Wow, that is a really tough question! I would have to go with Michael Chabon’s debut novel, The Mysteries of Pittsburgh. I have read it possibly ten times, and I never get tired of it. Chabon has an alchemical ability to put words together and make them more than you ever imagined they could be.
8. Chips or crackers?
Popcorn! It’s my desert island food. I’ll eat it while I read The Mysteries of Pittsburgh over and over.
9. Who and what are some of your other favorite writers and novels?

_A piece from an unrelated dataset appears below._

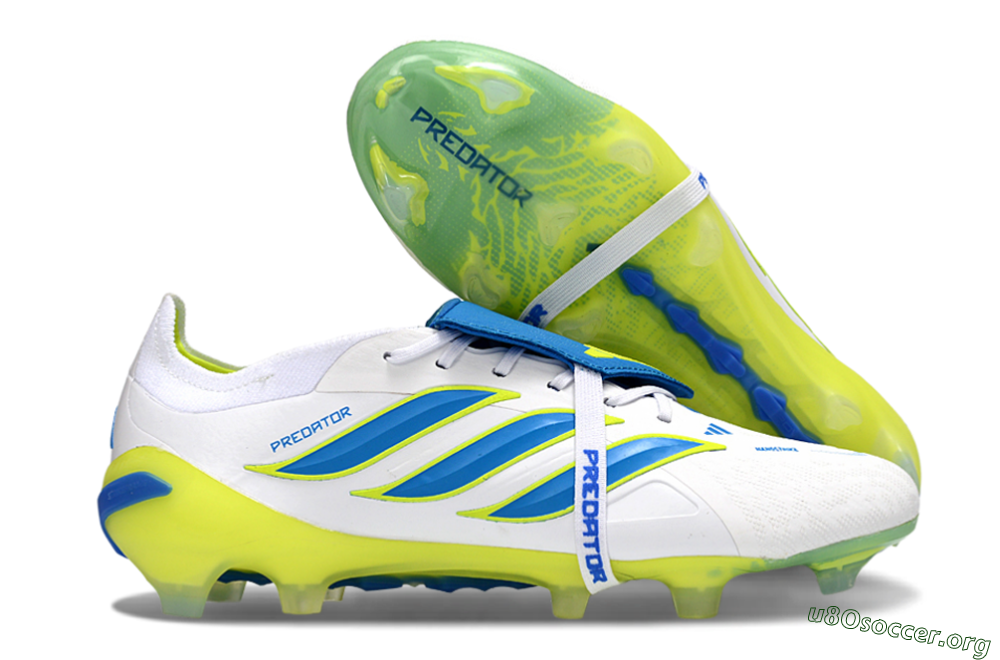 Adidas Predator 26 Elite Fold-Over Tongue FG Football Boots - White/Neon Yellow/Cyan Blue 2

Other books by Michael Chabon are definitely among my favorites, The Amazing Adventures of Kavalier and Clay especially. An early influence was Kerouac’s On the Road, which I finished late one night in a pensione in Italy at the impressionable age of eighteen. I was so enamored with that book that I hugged it to me all night as I slept. Marilynne Robinson’s Housekeeping is also one of my favorites. Another book that a good friend introduced me to fairly recently, and that I find completely magical, is Russell Hoban’s The Lion of Boaz-Jachin and Jachin-Boaz. I love Mary Francois Rockcastle’s Rainy Lake. There are so many others! I’ll just name a few more writers: Vladimir Nabokov, F. Scott Fitzgerald, Jane Austen, Barbara Kingsolver, Carlos Ruiz Zafon, Tana French, David James Duncan, Carol Shields, James Welch, Mary Doria Russell, and Elizabeth McCracken. And Robert Hass is my absolute favorite poet. Ok, I’ll stop now, even though I’m sure there are many books and writers I’ve left out!

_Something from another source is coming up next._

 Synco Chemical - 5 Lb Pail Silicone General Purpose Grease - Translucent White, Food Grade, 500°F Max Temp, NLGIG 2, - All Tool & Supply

10. Who or what in your life influenced you to write?
Immensely encouraging and supportive parents and educators have been crucial. Also, every book I’ve read that feels completely transporting. I love when you can just sink into a book and let the world go on all around you. Music has influenced me a great deal, from Bob Dylan to the many amazing local musicians I get to see perform on a regular basis. I have the good fortune of living in an incredibly creative community, and my friends definitely influence me.
11. Other than writing, what else do you do to pass the time?

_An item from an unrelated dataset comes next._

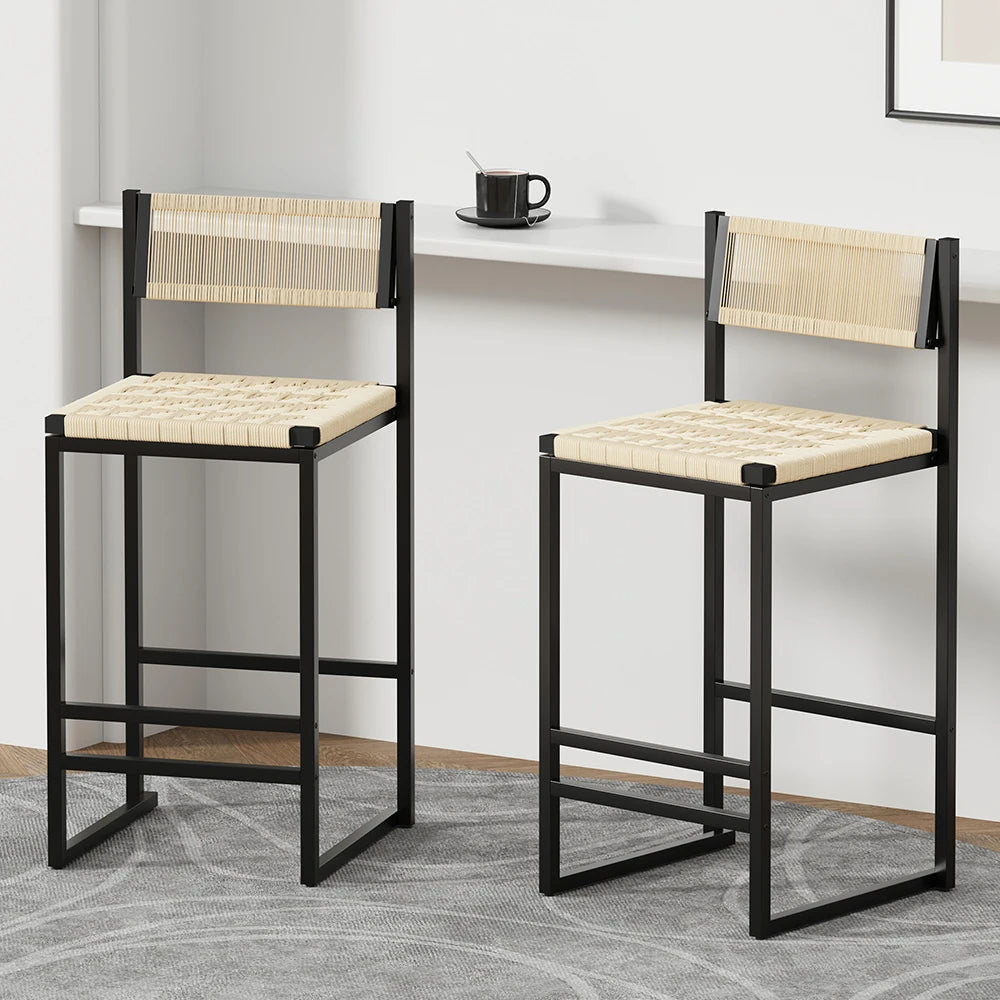 Honey Bar Stools Set of 2 Paper Rope Weave Dining Chairs with Back Hand Weave Stools for Kichen Island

I walk in the woods. I go see bands. I have late-night conversations with friends. I play bass for my brilliant friend Anna Arvan’s band, I Love You Avalanche. I’ve been doing a little songwriting myself lately, but I’m definitely new to it! I also have a 1980s Peugeot bicycle that I love inordinately and ride around town as much as I can.
12. If you won a multi-million dollar lottery what would you do with your winnings?
I would probably fritter it away on restaurant meals, fancy cheese, wine, and chocolate. But if I did manage to save some, hmm. I would definitely want to do a world book tour! I did the first half of a five-hundred mile walking pilgrimage in Spain called the Camino de Santiago about four years ago, and I’d really like to go back and finish. I’d buy my mom a condo in Maui with the stipulation that I could show up uninvited at any moment. I’d support local arts and music, as well as try to get artistic and literary opportunities out there for more people who are struggling. I’d love to start an artists’ retreat center here in Bellingham.
13. Do you like frogs?
Yeah, but I feel more of an affinity with lizards because we had a couple of them when I was a kid. Their names were Beth and Bob.
14. What’s your favorite vegetable?
Another tough question! I am really into kale right now because I recently discovered that you can put it on top of pizza or nachos and it gets all crispy and tasty in the oven. I also get to tell myself that I’m eating healthy!
15. Is there anything else you want Rozlyn readers to know?
I am currently working on my second novel, tentatively titled ‘Hamster Blues. It’s set here in Bellingham and I like to describe it as my ‘hipster Lolita,’ but there will be many liberties and departures within that premise. I think it’ll be a good read. I’m definitely having a lot of fun writing it!
I’d also like readers to know that I’m thrilled and honored that A Long-Forgotten Truth will be Rozlyn Press’s first release!
April 8th, 2011 at 8:46 PM
This sounds like a great read and I’d love to preview it.
September 17th, 2011 at 10:29 AM
Rachel obviously has a way with words and the book sounds very interesting. I review for bookpleasures, pagereaders and Midwest Book Review (and of course post reviews on amazon). Love to review this one.